The names usually given to this family on different submanifolds are:
- Circle: von Mises
- Sphere: von Mises-Fisher/Fisher/Langevin
- Stiefel: Matrix von Mises-Fisher/matrix Fisher/matrix Langevin

> [!NOTE]
> Some authors[^Chikuse1995] define the "matrix Langevin" distribution on the Grassmann manifold as distribution with the above density when the point is a projector matrix. However, upon changing the point to a subspace, one gets the Bingham distribution, so we here keep the distinction that vMF is for Stiefel and its submanifolds and Bingham is for Grassmann and its submanifolds.

> [!NOTE]
> For $\mathbb{F}=\mathbb{C}$, we could equivalently write $`\eta=\begin{bmatrix}\eta_r \\ \eta_i\end{bmatrix} \in \mathbb{R}^{2n\times k}`$ and $`T(x) = \begin{bmatrix} \Re(x) \\ \Im(x)\end{bmatrix}`$ to get the density in the usual exponential family form $`c_{n,k,\mathbb{C}}(\eta)^{-1} \exp(\langle \eta, T(x)\rangle)`$, and a similar approach can be taken when $\mathbb{F}=\mathbb{H}$. But the form above using the real inner product is cleaner.

## Parameterizations

### Canonical

In the canonical parameterization, we have a single $n \times k$ parameter matrix $\eta$.
This corresponds to the $(c)$ parameterization of von Mises-Fisher and the $(F)$ parameter of matrix von Mises-Fisher.
This parameterization is most convenient if the parameter is fixed, and one just needs the unnormalized density.

### SVD

Let $\eta = U D V^\mathrm{H}$ be the SVD of $\eta$.
It can be made unique by choice of sign/phase convention if all singular values are distinct and non-zero.
This parameterization is most convenient if one needs the normalization constant and/or mode.

For the Sphere and Circle, $V=1$, $\mu=U$ is a vector/scalar, and $D=\kappa$ is a positive scalar.

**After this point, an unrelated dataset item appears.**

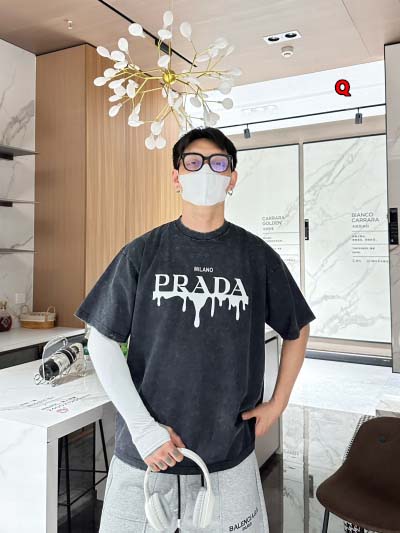 2024年8月12日早秋高品質新作入荷  PRADA 半袖 Tシャツ Q工場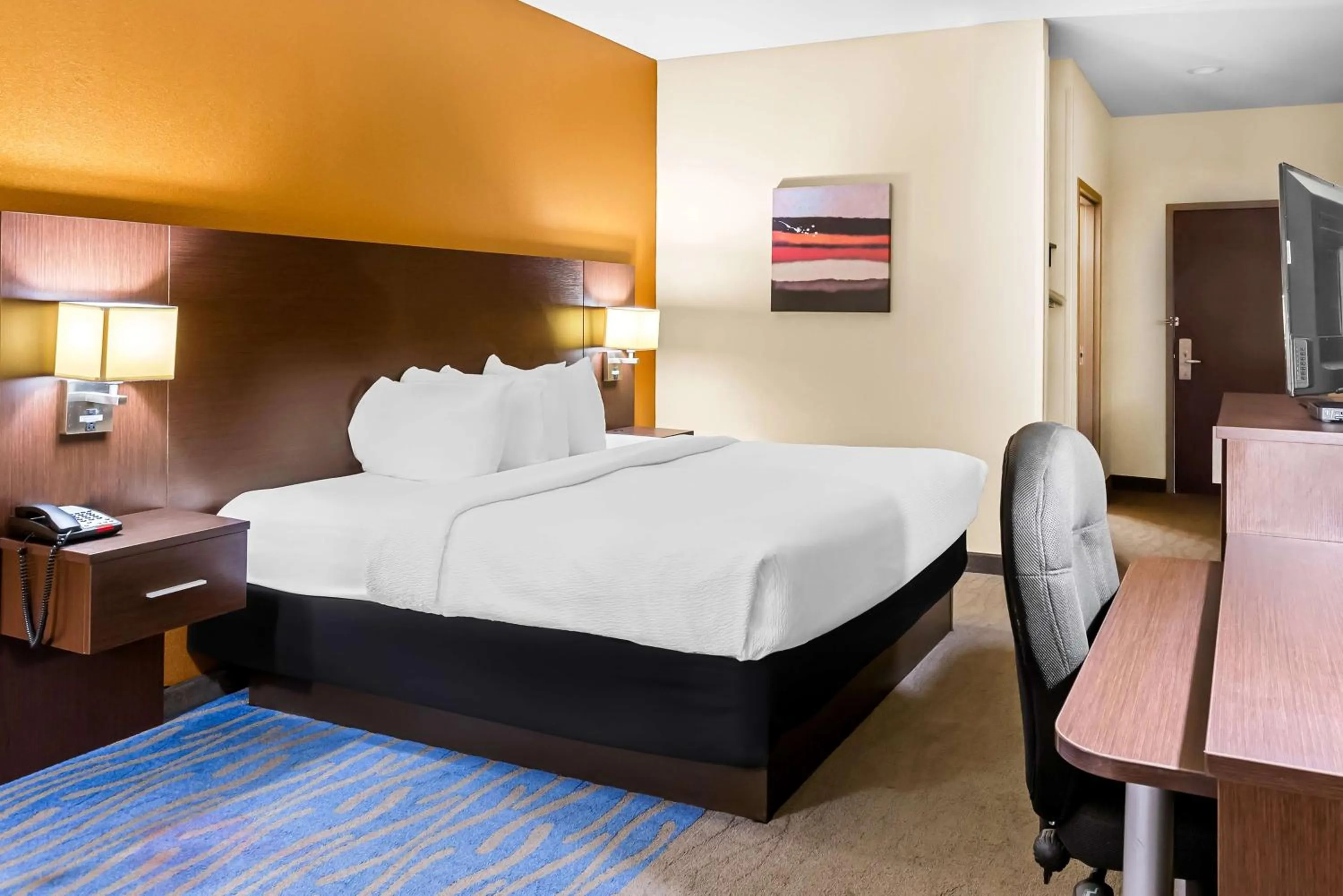 Bedroom, Bed in Best Western St. Louis Airport North Hotel & Suites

For $\mathrm{SO}(n)$, if $\tilde{U} \tilde{D} \tilde{V}^\mathrm{T}=\eta$ is an SVD decomposition, we use instead $U = \tilde{U} \mathrm{diag}([1, 1, \ldots, \det(\tilde{U})]) \in \mathrm{SO}(n)$, $D = [\tilde{d}_1, \ldots, \det(\tilde{U}) \det(\tilde{V}) \tilde{d}_n]$, and $V = \tilde{V}\mathrm{diag}([1, 1, \ldots, \det(\tilde{V})]) \in \mathrm{SO}(n)$.
Thus the sign of the determinant of $\eta$ is entirely determined by the sign of the final entry in $D$.

### Polar/Mode-Concentration (not planned)

The polar decomposition is $\eta = MK$ for $M \in \mathrm{St}(n, k, \mathbb{F})$ and positive semi-definite $K$.
It is unique under the same conditions as the SVD of $\eta$.
When the SVD is unique, $M$ is the unique mode.
$K$ is positive-definite iff the singular values of $D$ are all non-zero.
Note that $M = U V^\mathrm{H}$ and $K=V D V^\mathrm{H}$, so $\eta^\mathrm{H} \eta = K^2$.
We could call either $D$ or $K$ the concentration parameter, but section 13.2.3 of [^Mardia2009] calls $K$ the concentration parameter.

This parameterization is most convenient if one needs the mode, but for Stiefel in general, it's really no more convenient than the SVD parameterization. Also, on submanifolds of the Stiefel, $M$ may not be a global maximizer. (e.g. it is only the global maximizer on $\mathrm{SO}(n)$ if $M \in \mathrm{SO}(n)$, see below.).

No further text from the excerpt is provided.